▶ [PROBLEM TO SOLVE]
Copy all of the data that follows without altering a word.

STORED DATA: Begin

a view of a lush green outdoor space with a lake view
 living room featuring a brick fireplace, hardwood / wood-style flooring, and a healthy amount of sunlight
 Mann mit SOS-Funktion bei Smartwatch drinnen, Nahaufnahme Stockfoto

STORED DATA: End

▶ [SOLUTION]
a view of a lush green outdoor space with a lake view
 living room featuring a brick fireplace, hardwood / wood-style flooring, and a healthy amount of sunlight
 Mann mit SOS-Funktion bei Smartwatch drinnen, Nahaufnahme Stockfoto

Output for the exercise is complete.